So the sum of three squares can be congruent modulo 8 to any of the values $0, 1, 2, 3, 4, 5$ or $6$, but not $7$.
So no number of the form $8 m + 7$ can be the sum of three squares.
Now, suppose that $\exists n \ge 1, m \ge 0$ such that:
- $4^n \left({8 m + 7}\right) = x^2 + y^2 + z^2$.
As the LHS is congruent modulo 4 to $0$, and as squares modulo 4 are either $0$ or $1$, it must be that $x, y$ and $z$ are all even.

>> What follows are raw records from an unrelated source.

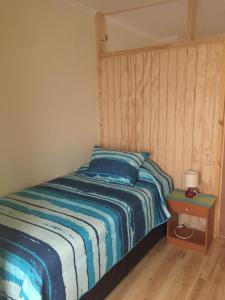 Departamento completo 41 mts2 -2 habs y 1 futón - Centro Tomé - 5 personas - Edificio Don Francisco max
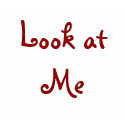 Look at Me t-shirts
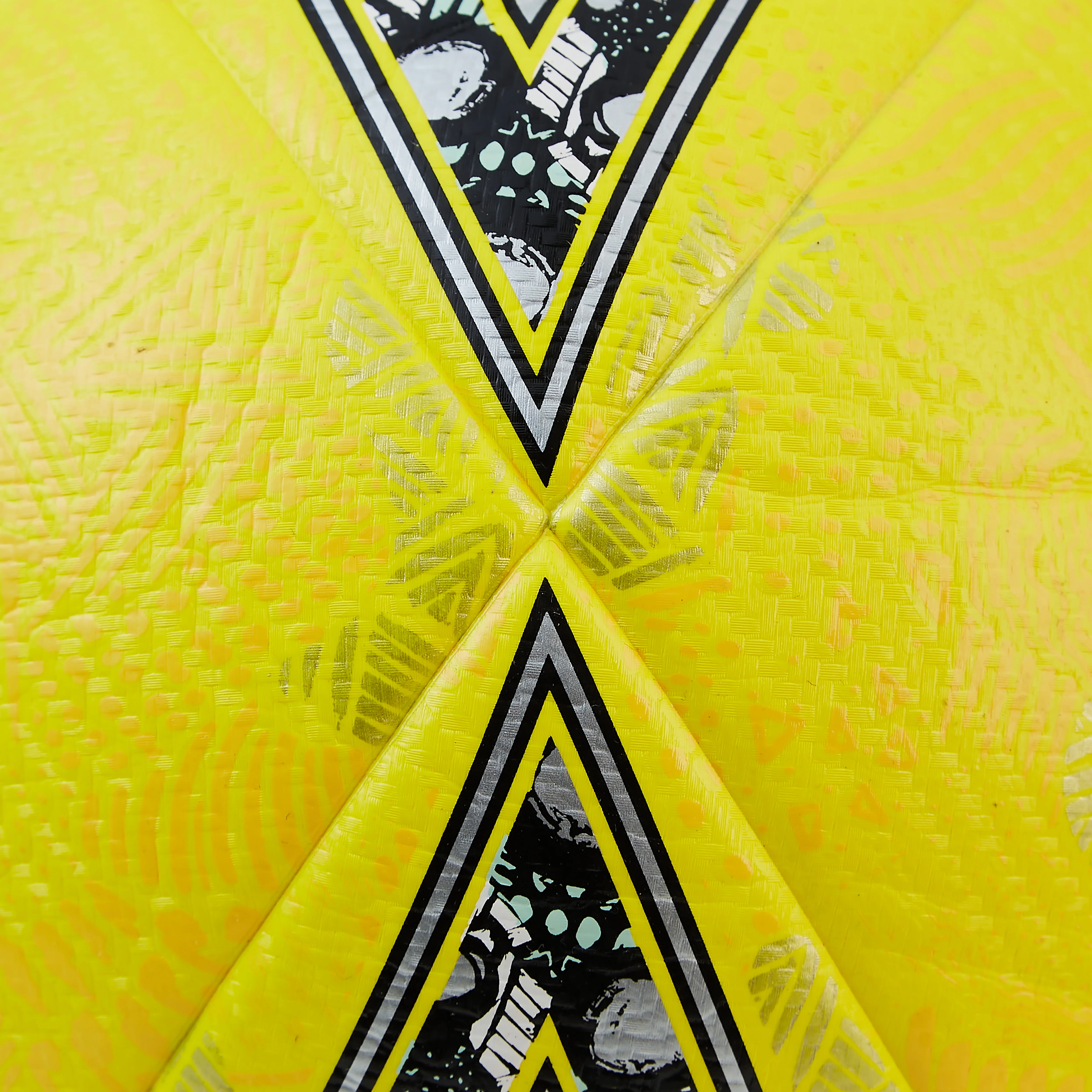 Ultimatch Evo Football Yellow - Image 5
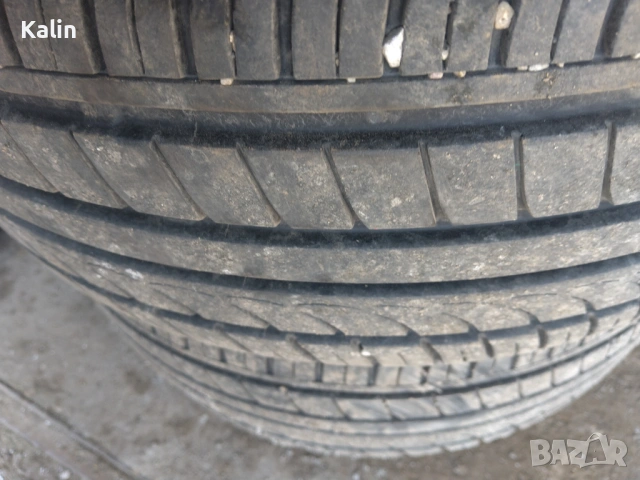 Продавам летни гуми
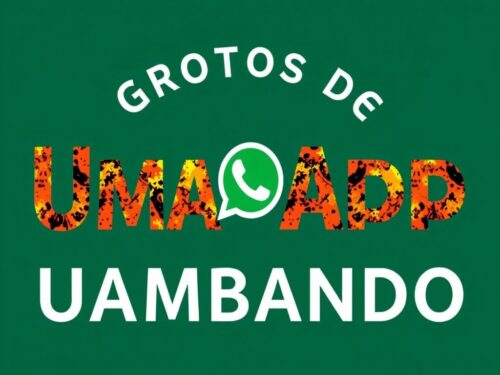 lotazap grupo de whatsapp umbanda e candomble juntos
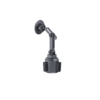Green Lion GX-73 MagSafe Car Cup Phone Holder - Black - Thumbnail Image 2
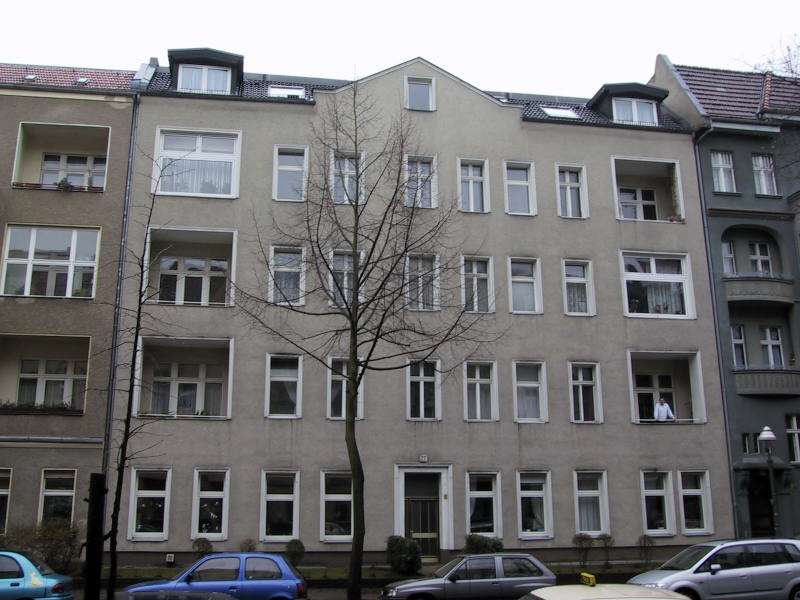 Thumbnail-Wohnung zum Kaufen in Berlin 139.000,00 € 40.5 m²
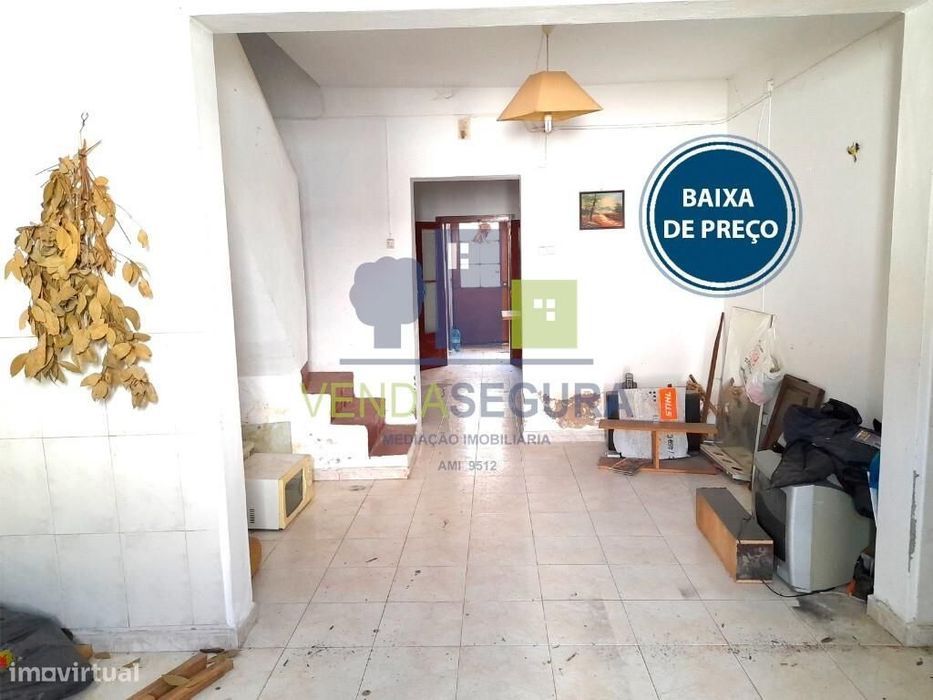 Moradia T2 | Ferreira do Alentejo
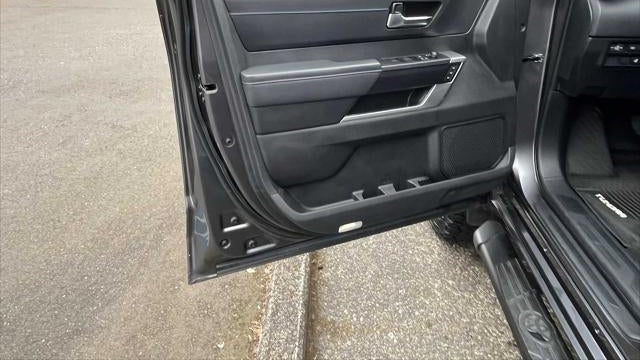 2023 Toyota Tundra Platinum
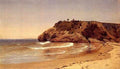 Gifford Sanford Robinson Manchester Beach 1865 A4 Photo Print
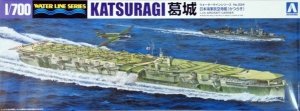 Aoshima 00095 IJN Aircraft Carrier Katsuragi 1:700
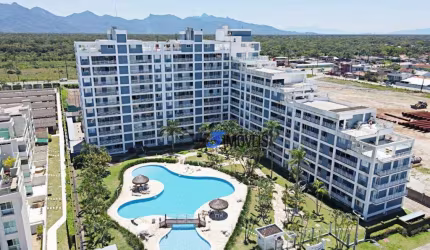 COBERTURA DUPLEX COM PISCINA FRENTE MAR NO BALNEÁRIO FLÓRIDA
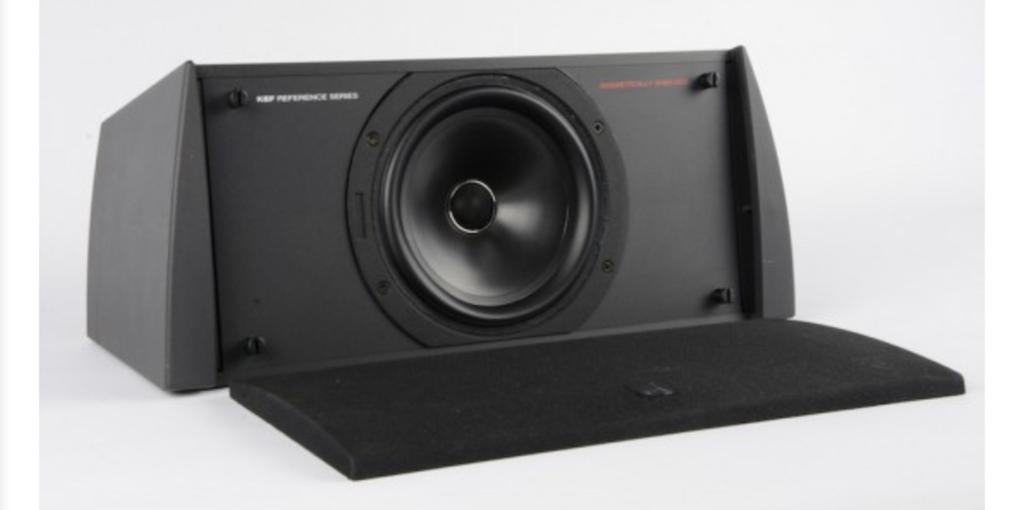 KEF Reference Series Model 90 Center Speaker, Audio, Tv en Foto, Overige merken, Ophalen of Verzenden, Zo goed als nieuw, 60 tot 120 watt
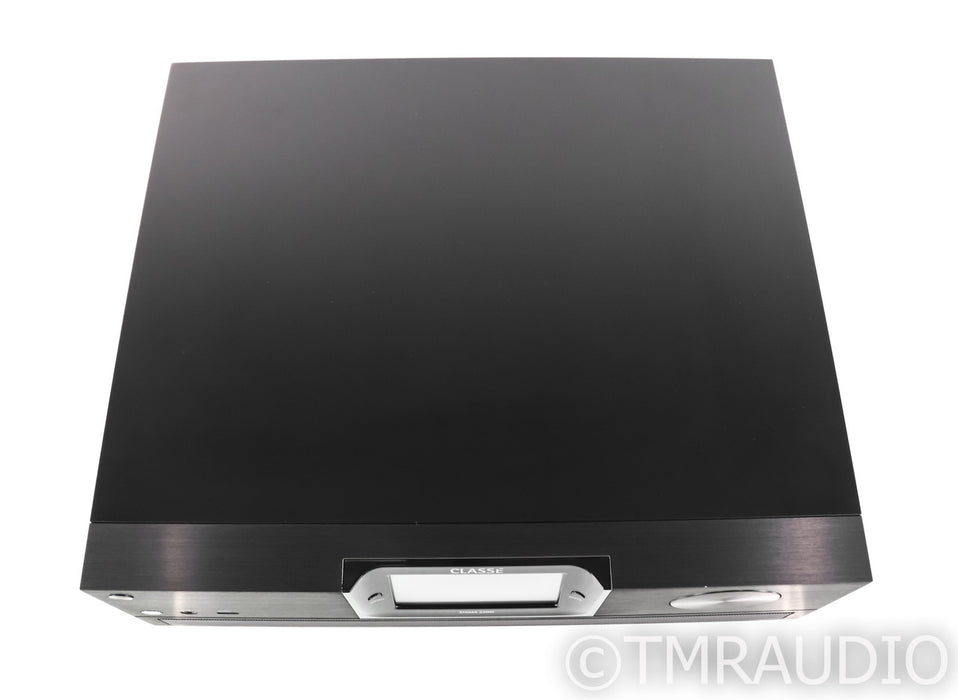 Classe SIGMA 2200i Stereo Integrated Amplifier; 2200-i; Remote; USB; Airplay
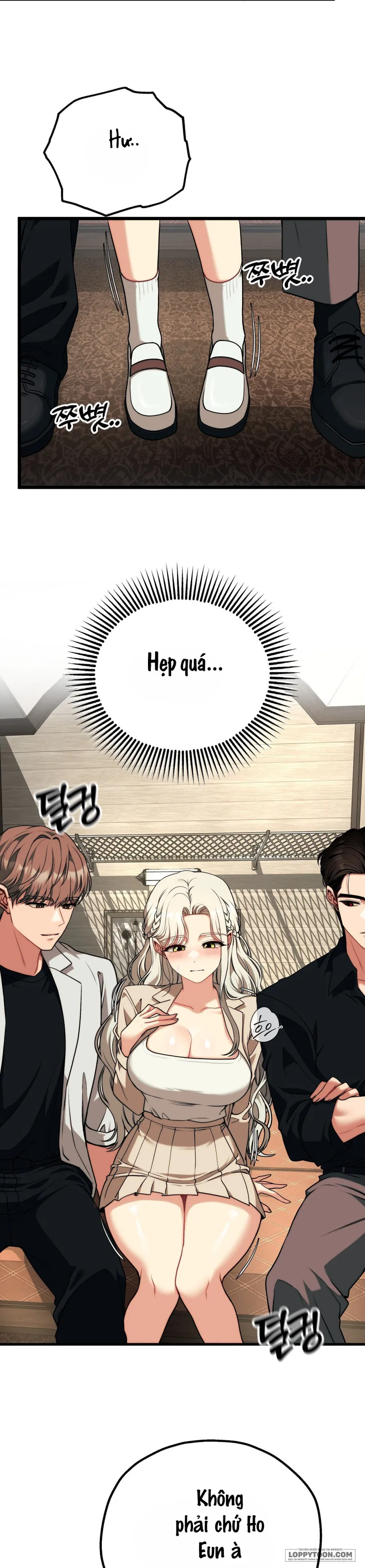Câu Lạc Bộ Đọc Sách Người Lớn - Chap 30 - Trang 32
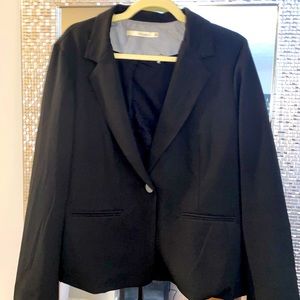Black blazer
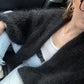 ROMEE CARDIGAN - Black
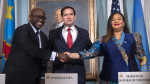 Congo and Rwanda sign a USmediated peace deal aimed at ending decades of bloody conflict  AP News Congo and Rwanda sign a USmediated peace deal aimed at ending decades of bloody conflict  AP News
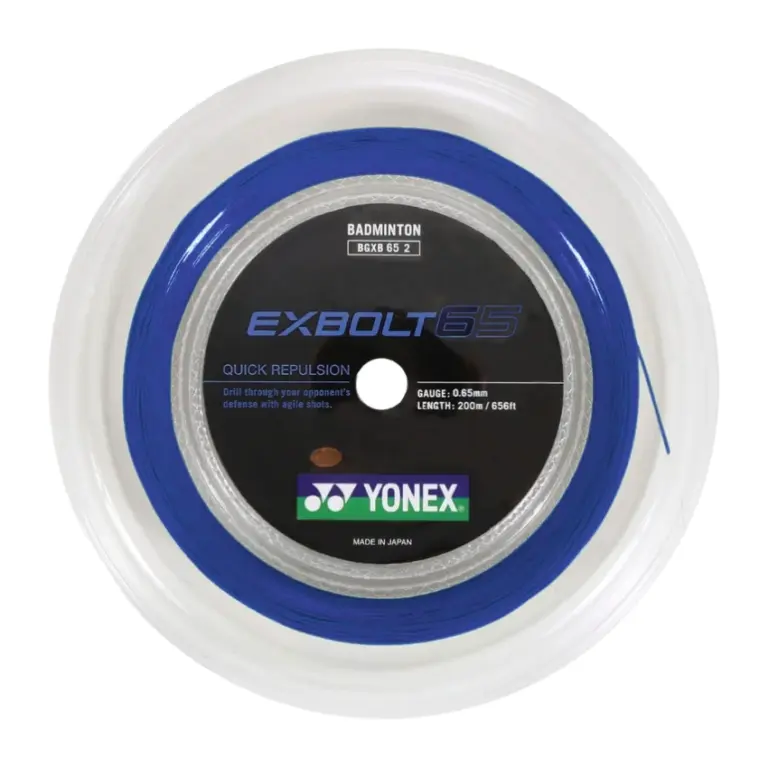Cước cuộn Yonex EXBOLT 65 - xanh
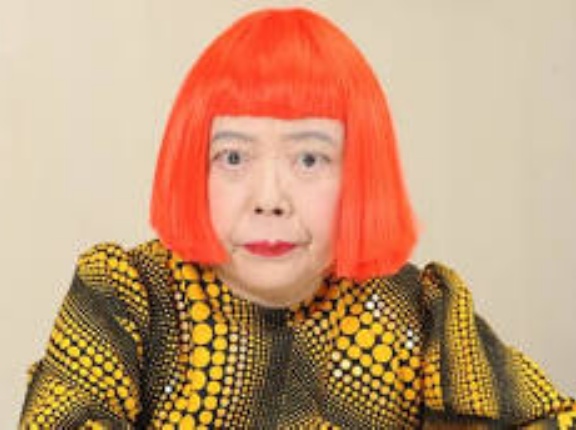 【訃報】草間彌生さん、死去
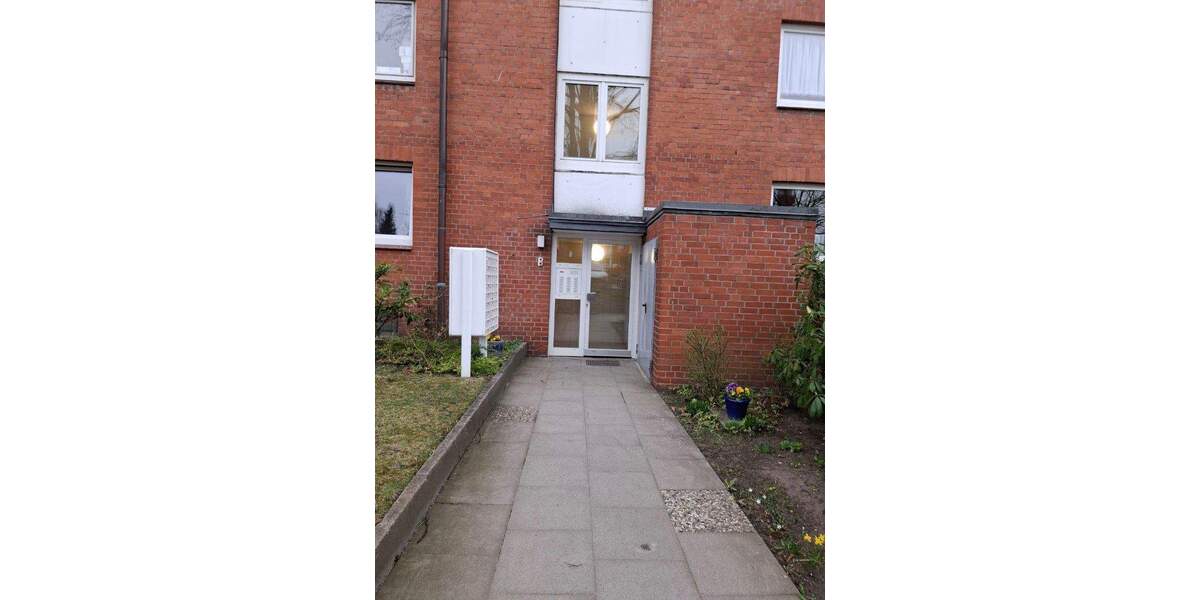 Etagenwohnung Hamburg Rahlstedt - 2 Zimmer, 50 m&sup2;, 195.000&euro; | Angebot:25898701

Putting $x = 2 x_1, y = 2 y_1, z = 2 z_1$, we get:
- $4^{n-1} \left({8 m + 7}\right) = x_1^2 + y_1^2 + z_1^2$
If $n-1 > 1$ then $x_1, y_1$ and $z_1$ are all still even, and the argument can be repeated:
- $4^{n-2} \left({8 m + 7}\right) = x_2^2 + y_2^2 + z_2^2$
Thus we descend through all powers of $4$ till $8 m + 7$ itself is expressed as the sum of three squares.
But this is impossible, as we saw above.
So the assumption that $4^n \left({8 m + 7}\right)$ can be expressed as the sum of three squares is false.
$\blacksquare$